What are the applications of TF-IDF in NLP? ›

A. TF-IDF (Term Frequency-Inverse Document Frequency) is used in NLP to assess the importance of words in a document relative to a collection of documents. It helps identify key terms by considering both their frequency and uniqueness.

What is term frequency-inverse document frequency in Python? ›

TF-IDF stands for “Term Frequency — Inverse Document Frequency”. This is a technique to quantify words in a set of documents. We generally compute a score for each word to signify its importance in the document and corpus. This method is a widely used technique in Information Retrieval and Text Mining.

What is term frequency-inverse document frequency online? ›

TF stands for Term frequency, the weight of a term that occurs in a document is simply proportional to the term frequency. IDF stands for "inverse document frequency” or how popular a term is on other sites.

What is TF-IDF, and BM25? ›

Intro. TFIDF (term frequency-inverse document frequency: wiki link) and BM25 (Okapi Best Matching 25: wiki link) are two methods for document searchs.

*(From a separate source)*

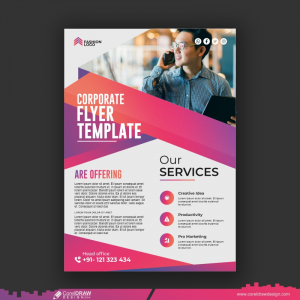 flyer cover design template free Premium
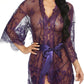 Women's Lace Kimono Robe Babydoll Lingerie Mesh Nightgown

The typical use case is when you have 1000 documents, and you want to retrieve the best matching document for the search query “dog”.

What is the difference between bag of words and TF-IDF? ›

Bag of Words just creates a set of vectors containing the count of word occurrences in the document (reviews), while the TF-IDF model contains information on the more important words and the less important ones as well. Bag of Words vectors are easy to interpret.

Top Articles
Latest Posts
Article information

Author: Nicola Considine CPA

Last Updated:

Views: 5243

Rating: 4.9 / 5 (49 voted)

Reviews: 88% of readers found this page helpful

Author information

Name: Nicola Considine CPA

Birthday: 1993-02-26

Address: 3809 Clinton Inlet, East Aleisha, UT 46318-2392

Phone: +2681424145499

Job: Government Technician

Hobby: Calligraphy, Lego building, Worldbuilding, Shooting, Bird watching, Shopping, Cooking

Introduction: My name is Nicola Considine CPA, I am a determined, witty, powerful, brainy, open, smiling, proud person who loves writing and wants to share my knowledge and understanding with you.